Thank you. We'll take our next question from Robert Dodd with Raymond James. Please go ahead.
Hi, everybody. Congratulations on all the new roles. Just a quick one for me. I think, Kip, it may have been Kurt, but in the prepared remarks, you talked about, I don't expect any direct impact from government policy changes. Does that, I mean, just want to clarify, does that include tariffs, which obviously are on hold right now, but maybe they won't be? And It's not the first time you or the portfolio have been through the tariff rodeo if that happens. So, I mean, what are your thoughts now on if they do go through? Is the portfolio now, the companies, just the same way they've adapted to higher rates? Are they already prepared for it because it's happened before? Or just any thoughts on that?
Yeah, I mean, it seems to be one of the two or three questions of the day between – that and Chinese AI and a few other things that seem to be dominating the airwaves. Look, I mean, Robert, I think that the simple answer is we have a very large, diverse portfolio, right? Tariffs on countries like Mexico and Canada will have an impact on every company in the United States. Probably true of the tariffs that look like they're in place with China. I think we're very early in that discussion and obviously spending time with portfolio companies. And the good news is we have great dialogue with our portfolio companies, right? They view us as a strong partner. We're getting monthly financial statements. We're in constant contact with CEOs and CFOs there to try to assess it. But it's really hard to generalize kind of how I see big changes there because it's just so early. But we're definitely, to Court's prepared remarks, seeing what may be out there and making sure that we're vigilant and smart about changes in every portfolio company, depending on how things go.

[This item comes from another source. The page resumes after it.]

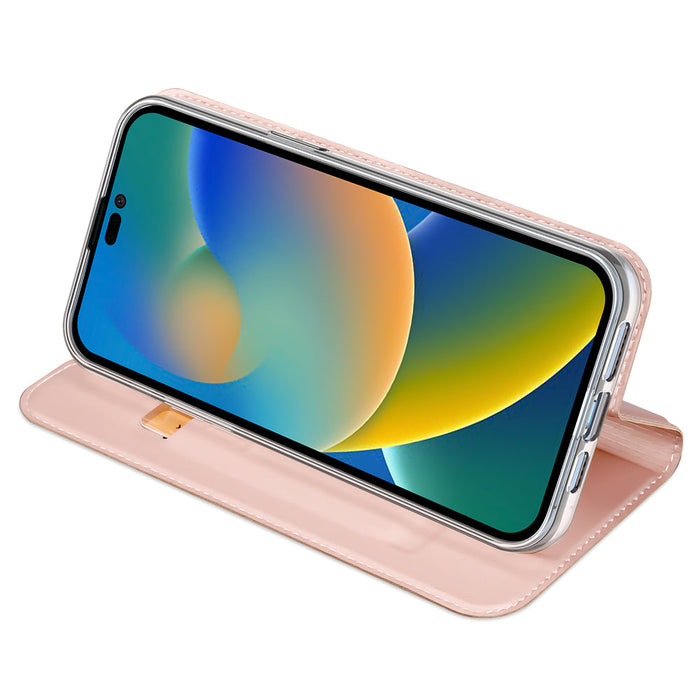 Dux Ducis Skin Pro holster cover flip cover for iPhone 14 Pro pink - Cell phone cases and covers<<<HurtelXML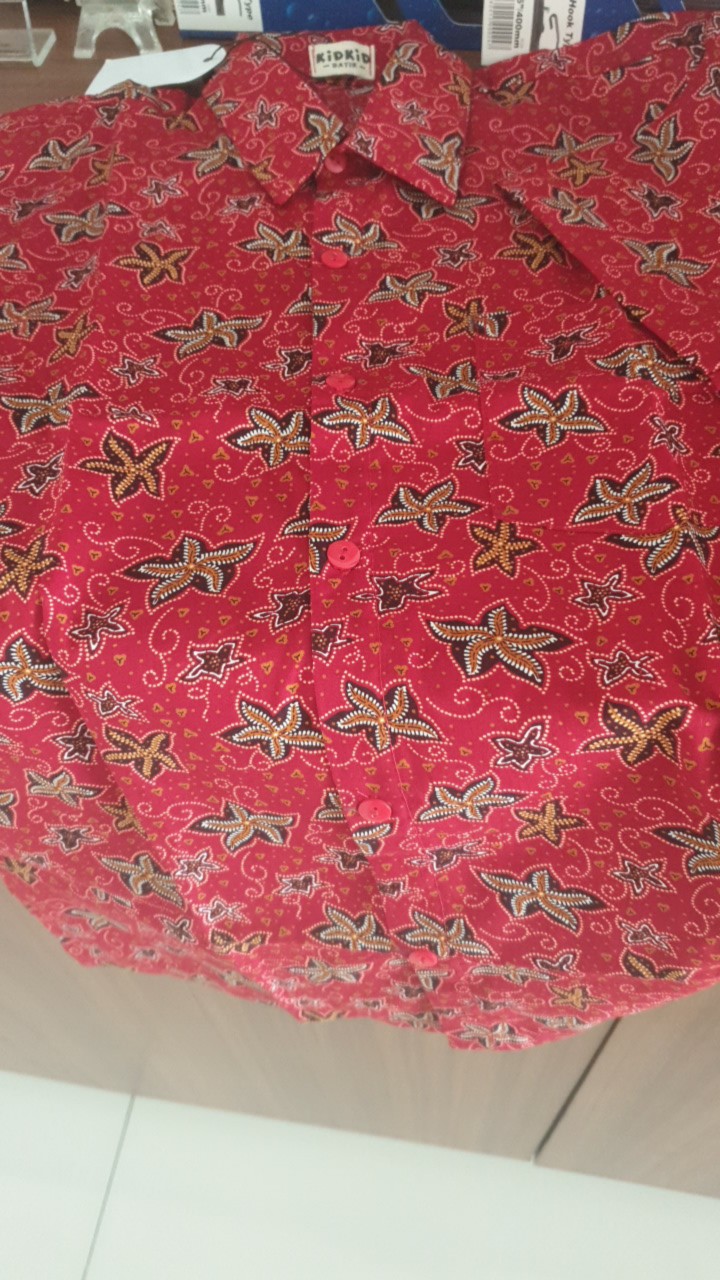 Baju Batik Anak Laki Kemeja Batik Anak Hem Baju Cowok Usia 0-14 Tahun Kode Ak-56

It's Court. Robert, I could jump in on that as well, just with a little more color, which is, know we actually have run a lot of analysis around which which of our companies have exposure to tariffs what percent of their cost of goods sold might be exposed to the countries that have already been announced obviously we have to stay day to day in terms of the countries that might or might not be exposed to tariffs. But so far between China, Canada and Mexico, we actually feel really confident that there is a very small impact on our portfolio based on a pretty exhaustive numerical analysis that we've done. So that was why we felt comfortable putting that statement into the prepared remarks. And I guess I would just also say overall, we are just underweighted toward product businesses that import and export products, right? Yep, understood.
Thank you. Thank you. And this does conclude our question and answer session. I'd like to turn the conference back over to Mr. Kip DeVere for any closing remarks.

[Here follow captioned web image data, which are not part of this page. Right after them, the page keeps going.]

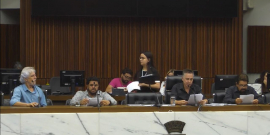 Álvaro Damião (DEM), Arnaldo Godoy (PT), César Gordin (PHS) e Eduardo da Ambulância (Pode), em reunião da Comissão de Educação, Ciência, Tecnologia, Cultura, Desporto, Lazer e Turismo, nesta segunda (1º/7) 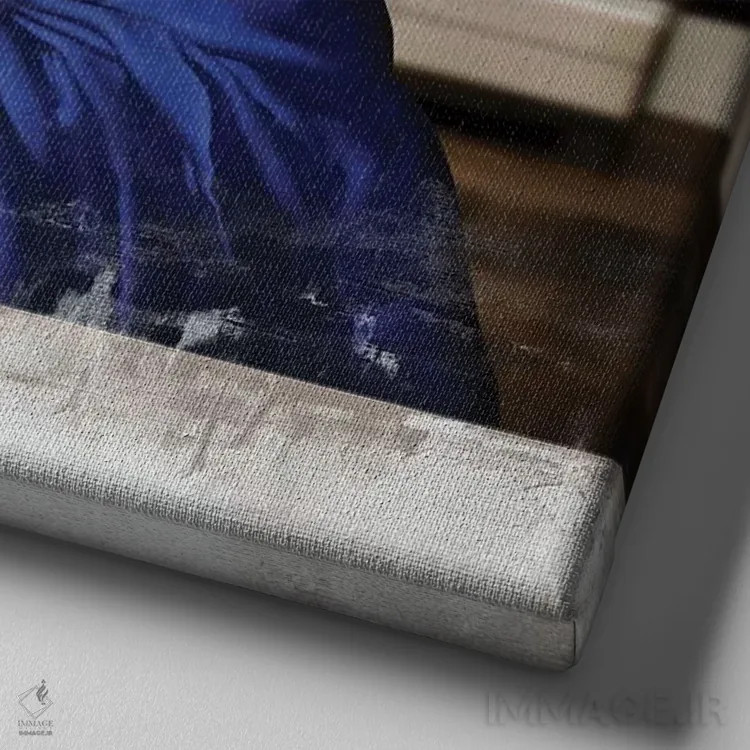 تابلو دکوراتیو هوس ۲ اثر خوزه لوئیس گوئررو - نمای نزدیک بافت بوم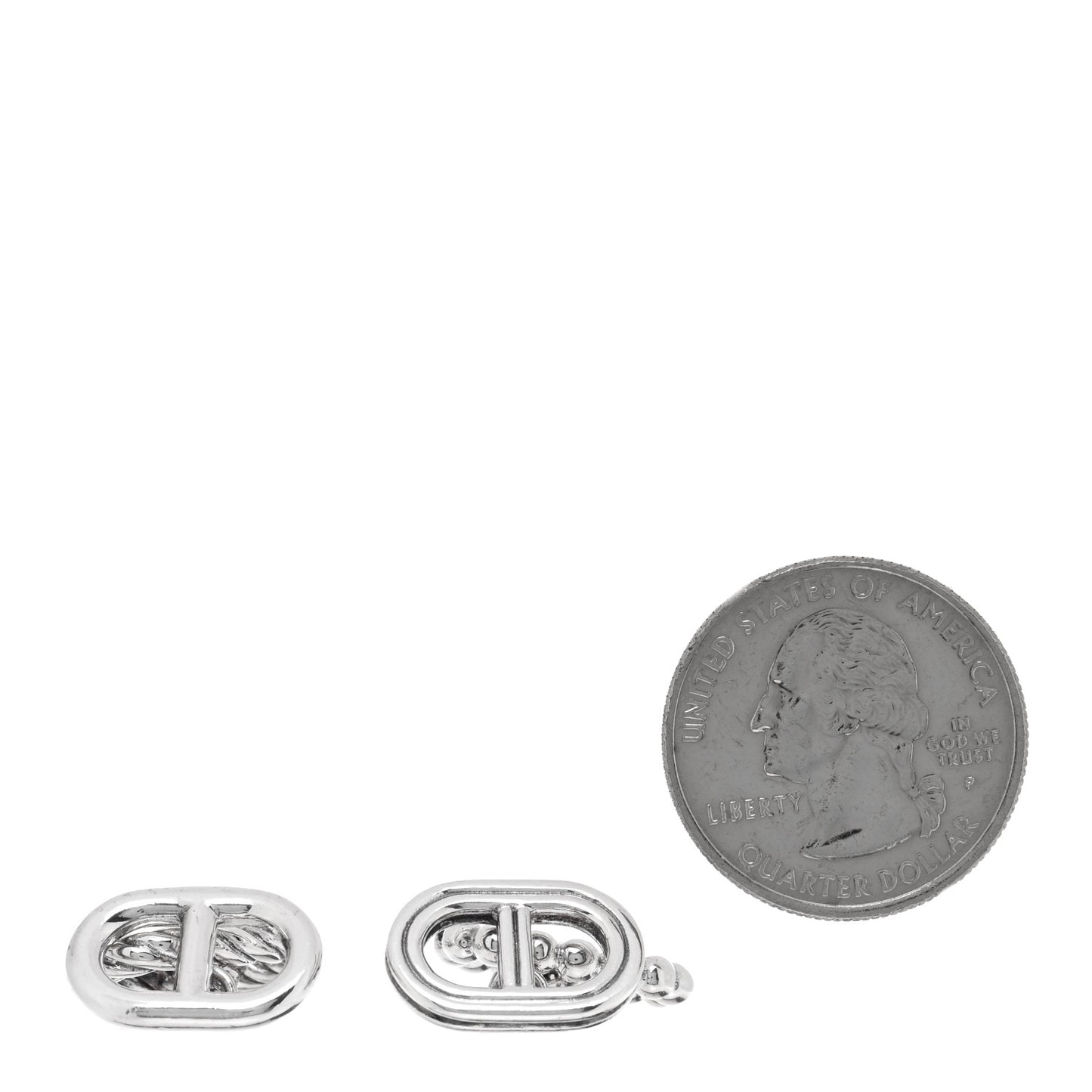 Sterling Silver Chaine d'Ancre Alea II Cufflinks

Yeah. I definitely have a few. Today, I haven't prepared any, but it's a little bit bittersweet for me today, obviously, because I expected our next earnings call, which I think is April 29th. You're not going to hear a whole lot, if anything, from me. I just wanted to say thanks to the analyst community and all of our shareholders who have supported the company while I've been the CEO. It's been a a real blessing for me to work with a great group of people and to be involved with a company that's had this much success over such a sustained period of time. So heartfelt thanks and wish everybody a great week. Bye-bye.
Ladies and gentlemen, this concludes our conference call for today. If you missed any part of today's call, an archived replay of the call will be available approximately one hour after the end of the call through March 5th at 5 p.m. Eastern to domestic callers by dialing 1-800-839-2457 and to international callers by dialing 1-402-220-7217. An archive replay will also be available on a webcast link located on the homepage of the Investor Resources section of Aries Capital's website. Again, we ask that you please disconnect your line at this time and have a wonderful day. Goodbye.